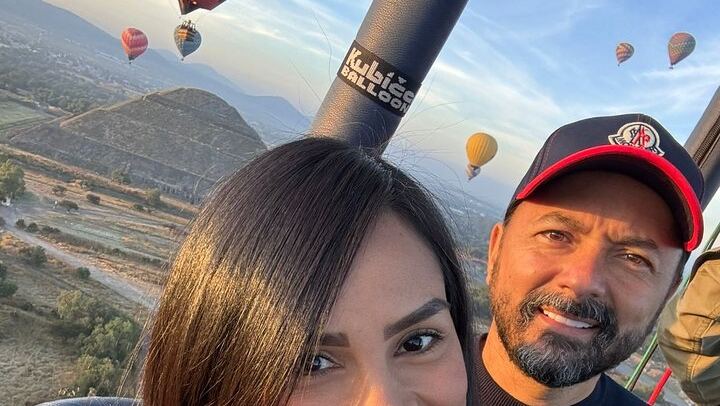 Sunrise Balloon Flight over Teotihuacan and Breakfast in Cueva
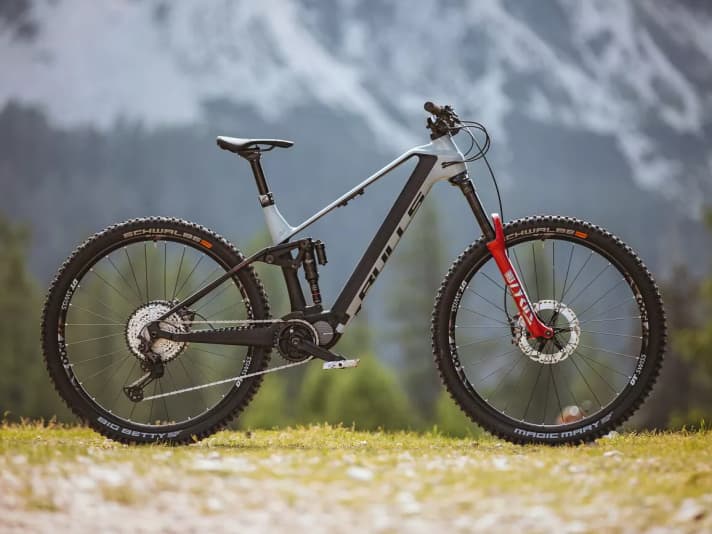 Bulls Sonic EVO EN-SL 2 Carbon – 6999 Euro I 160 / 150 mm I 22,1 kg I 29"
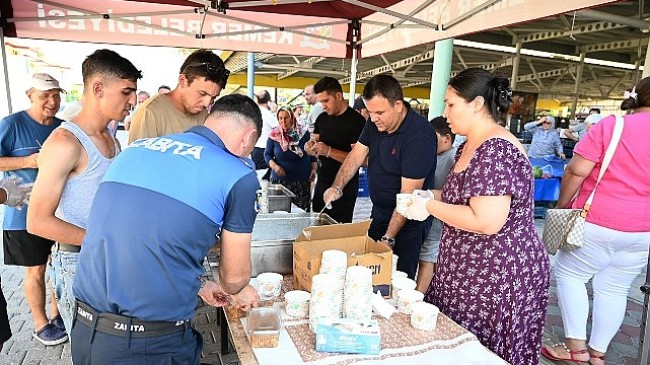 Kemer Belediyesi’nden Çamyuva’da aşure ikramı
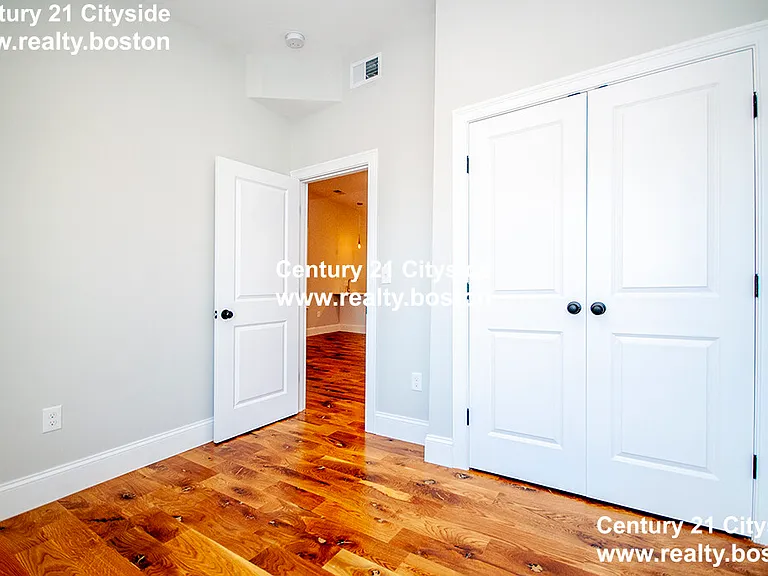 205 Marion St #3 — Photo 26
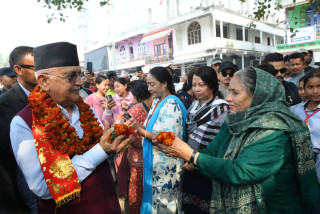 आफ्नै निर्वाचन क्षेत्रमा  अध्यक्ष  ओली मतदाताको समस्या सुन्दै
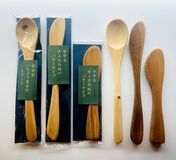 旧宇中女高のシンボル木をカトラリーに　卒業生で歌手の原みどりさん、伐採木の命つなぐ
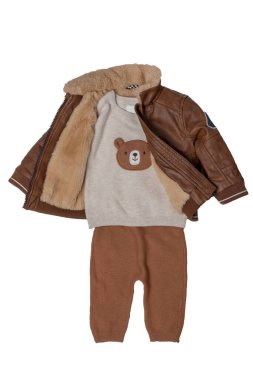 Beyaz arka planda izole edilmiş çocuk kıyafetleri. Renkli deri ceket, bej kürk, pantolon ve süveter. Çocuklar sonbahar ve kış modası.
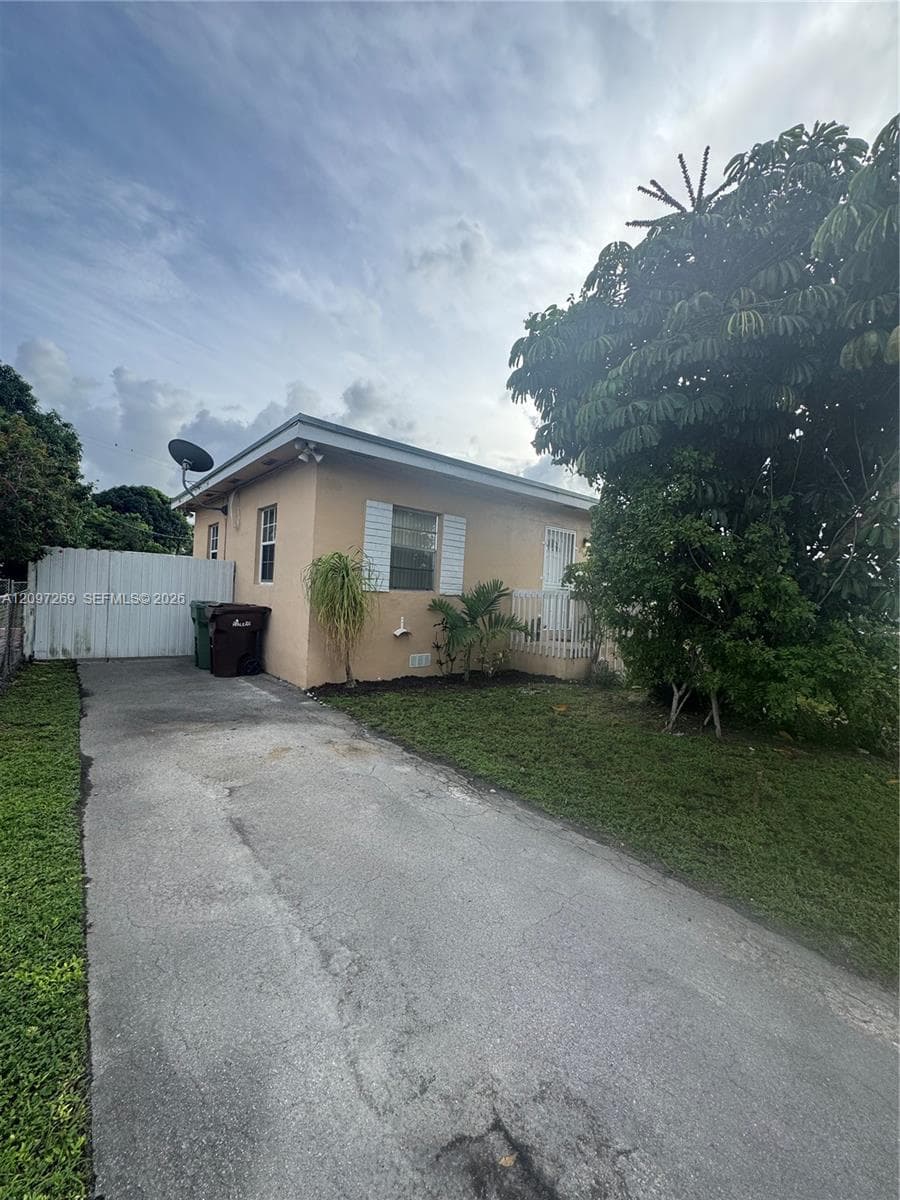 Driveway space with potential for so much!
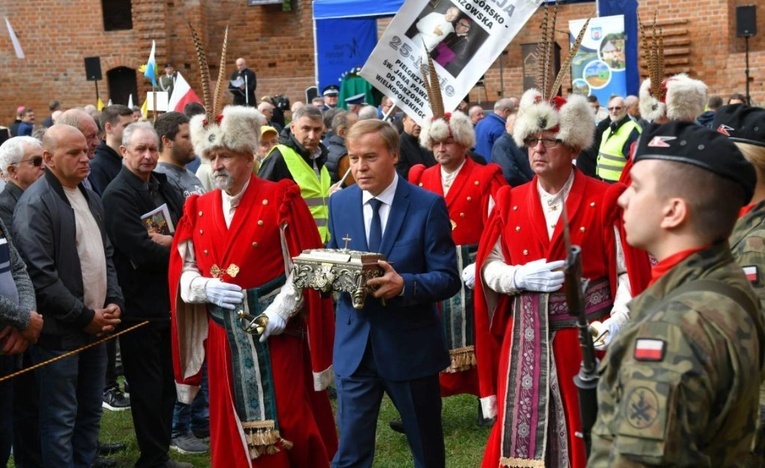 Mężczyźni w kościołach i na zamku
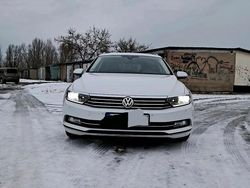 Weiß Gebraucht 2015 VW Passat Highline Kombi | 11.900 € (Fairer Preis)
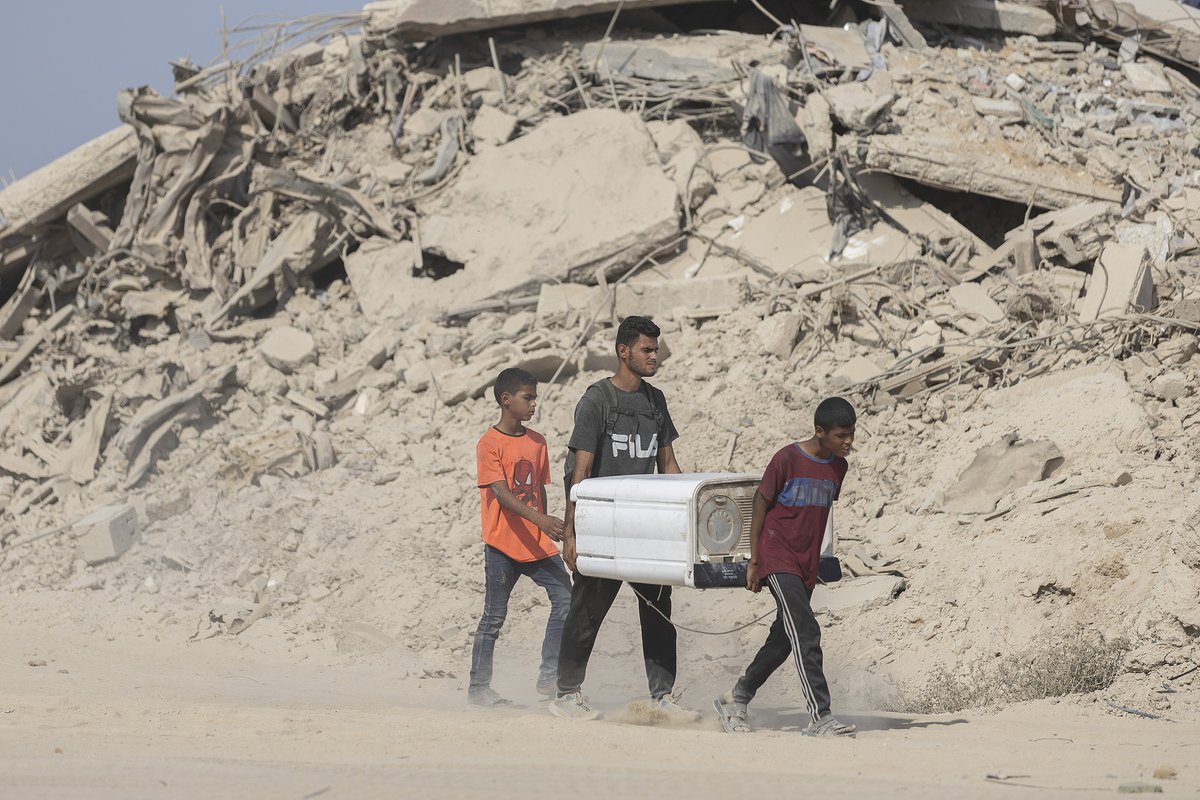 CGTNOfficial's tweet image. #LATEST on #Gaza: 

- #Israel confirmed on Sunday that it had received the coffins of three hostages, accusing Hamas of being too slow in returning the deceased. 
- Israeli PM Netanyahu said the country would take action to protect its forces if any attempts were made to harm…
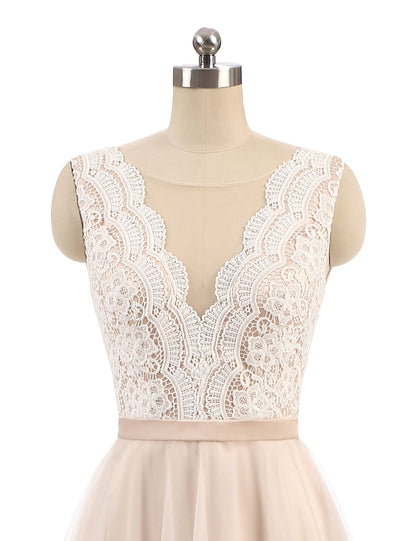 Vestido Largo Champagne con Escote en V y Corsé de Encaje con Falda de Tul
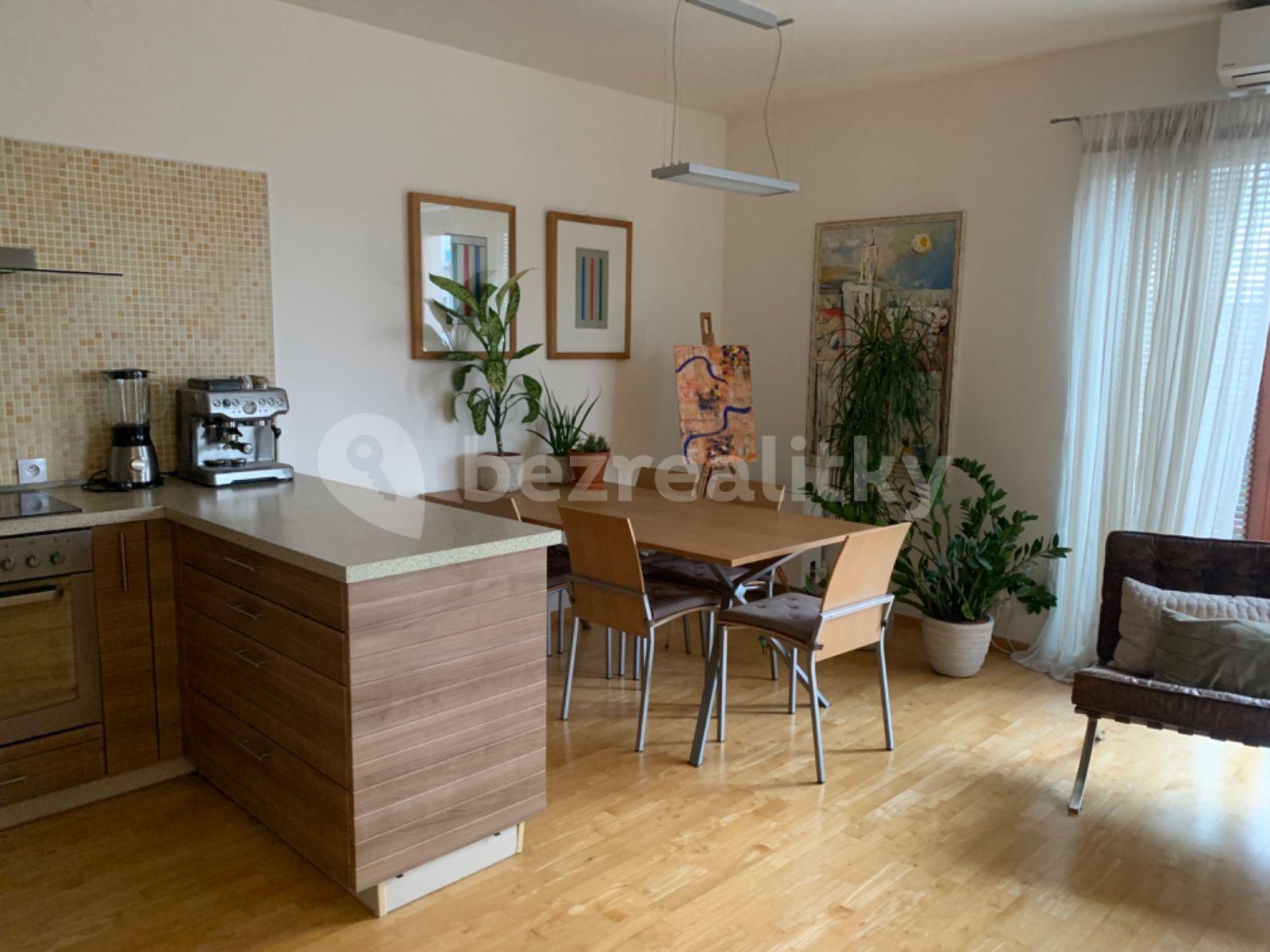 1 bedroom with open-plan kitchen flat to rent, 62 m², Vršovická, Prague, Prague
☆ ☆ ☆ ☆
• WHAT IS REQUIRED
Print the listing again exactly, please. Keep the pictures out of it.

• SOLUTION FOR THIS EXERCISE
 Sunrise Balloon Flight over Teotihuacan and Breakfast in Cueva
 Bulls Sonic EVO EN-SL 2 Carbon – 6999 Euro I 160 / 150 mm I 22,1 kg I 29"
 Kemer Belediyesi’nden Çamyuva’da aşure ikramı
 205 Marion St #3 — Photo 26
 आफ्नै निर्वाचन क्षेत्रमा  अध्यक्ष  ओली मतदाताको समस्या सुन्दै
 旧宇中女高のシンボル木をカトラリーに　卒業生で歌手の原みどりさん、伐採木の命つなぐ
 Beyaz arka planda izole edilmiş çocuk kıyafetleri. Renkli deri ceket, bej kürk, pantolon ve süveter. Çocuklar sonbahar ve kış modası.
 Driveway space with potential for so much!
 Mężczyźni w kościołach i na zamku
 Weiß Gebraucht 2015 VW Passat Highline Kombi | 11.900 € (Fairer Preis)
 CGTNOfficial's tweet image. #LATEST on #Gaza: 

- #Israel confirmed on Sunday that it had received the coffins of three hostages, accusing Hamas of being too slow in returning the deceased. 
- Israeli PM Netanyahu said the country would take action to protect its forces if any attempts were made to harm…
 Vestido Largo Champagne con Escote en V y Corsé de Encaje con Falda de Tul
 1 bedroom with open-plan kitchen flat to rent, 62 m², Vršovická, Prague, Prague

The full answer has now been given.